Items from a dataset:
—————
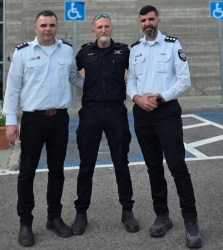 אנשי ההצלה והמשטרה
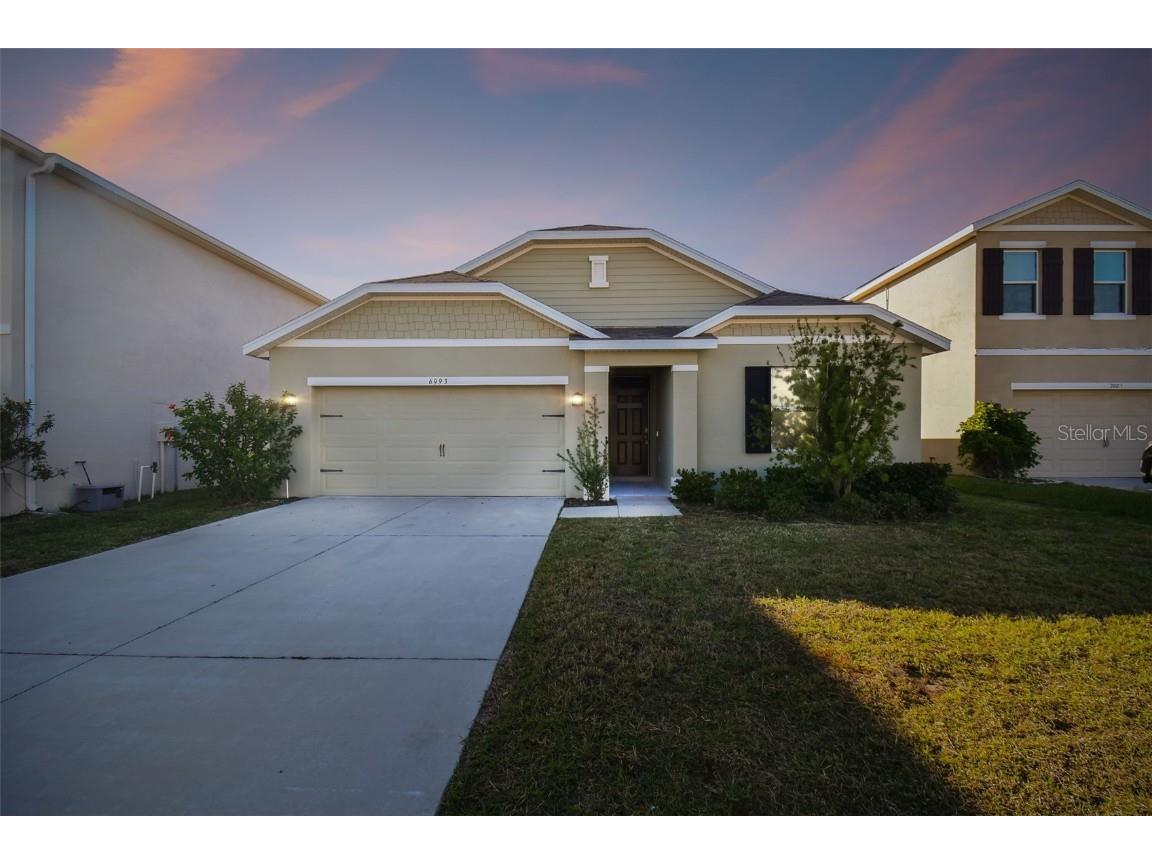 6993 Silverado Ranch Boulevard Zephyrhills FL 33541 W7860552 image1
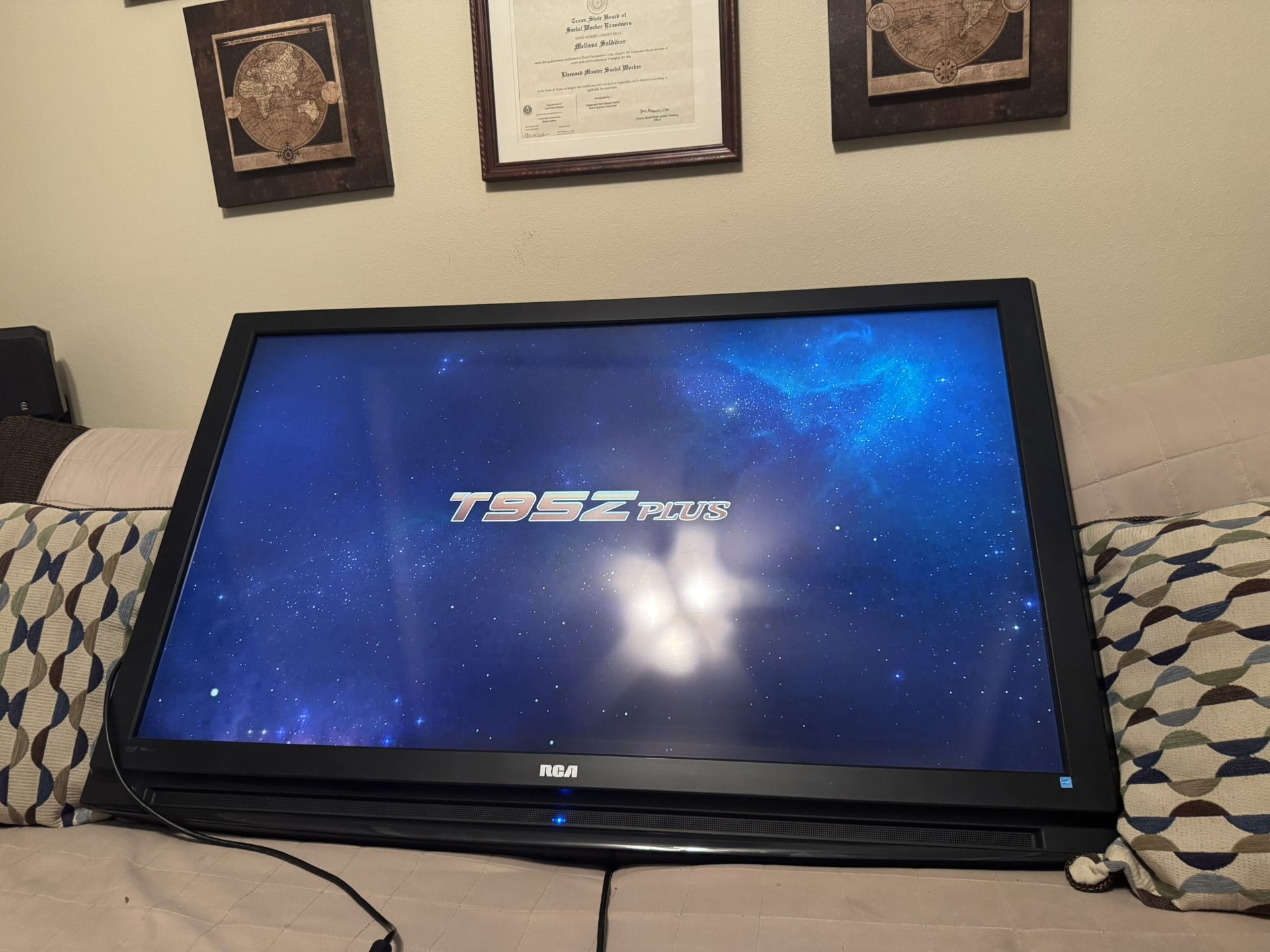 40 Inch RCA, T95z Streaming Box, Wall Mount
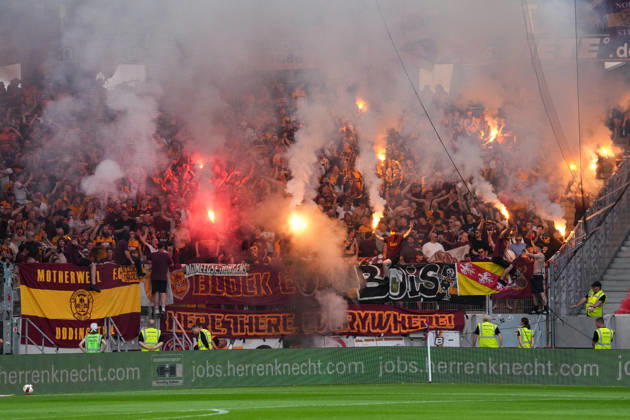 Fans, Ultras in der Kurve, Fankurve unterstützen ihre Mannschaft, Fahnen, Schal, Support, Pyrotechnik, Bengalo, Feuer, Rauch, Pyro , Deutschland, Fussball, UEFA Conference League, Play-offs, Rückspiel, 2026 2027, SC Freiburg vs. Motherwell FC, 27.08.2026, Europa-Park Stadion, Freiburg Freiburg Europa-Park Stadion Baden-Württemberg Deutschland Copyright: xArnexAmbergx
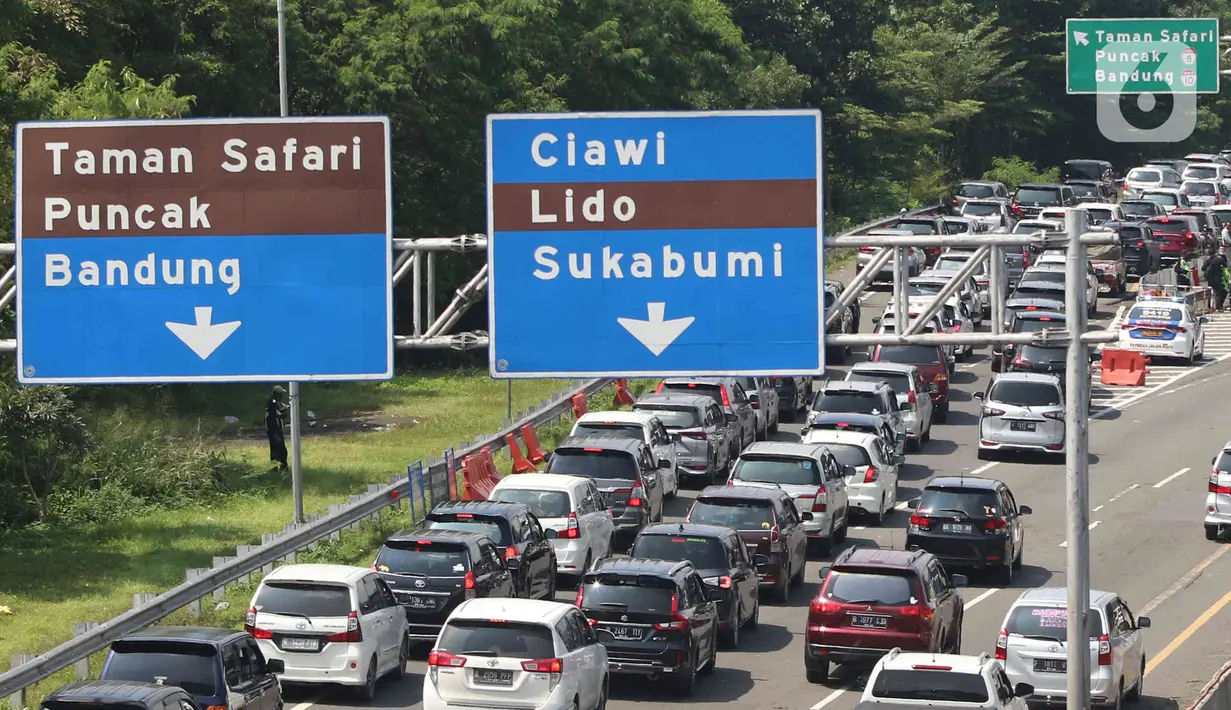 <p>Sejumlah kendaraan memadati Simpang Gadog, Ciawi, Kabupaten Bogor, Jawa Barat, Kaims (5/5/2022). Satlantas Polres Bogor memberlakukan sistem satu arah secara situasional untuk mengurai kepadatan lalu lintas di jalur wisata Puncak, Bogor pada libur Idul Fitri 1443H. (Liputan6.com/Herman Zakharia)</p>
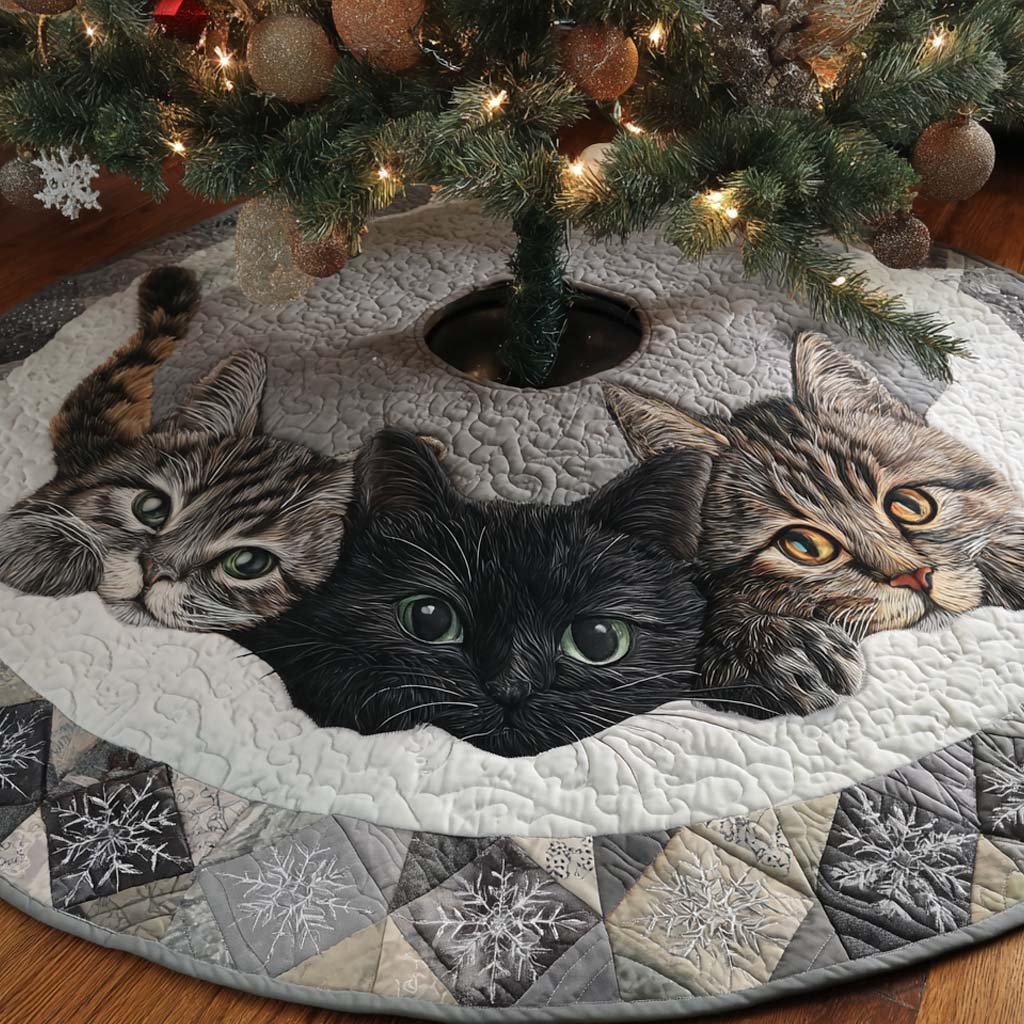 Trio Watchers Quilted Tree Skirt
—————
■ Task
Exactly the lines from the line that contains "<p>Sejumlah kendaraan memadati" through the last line above, and no other lines, must be output, with pictures excluded.

■ Solution for this task
 <p>Sejumlah kendaraan memadati Simpang Gadog, Ciawi, Kabupaten Bogor, Jawa Barat, Kaims (5/5/2022). Satlantas Polres Bogor memberlakukan sistem satu arah secara situasional untuk mengurai kepadatan lalu lintas di jalur wisata Puncak, Bogor pada libur Idul Fitri 1443H. (Liputan6.com/Herman Zakharia)</p>
 Trio Watchers Quilted Tree Skirt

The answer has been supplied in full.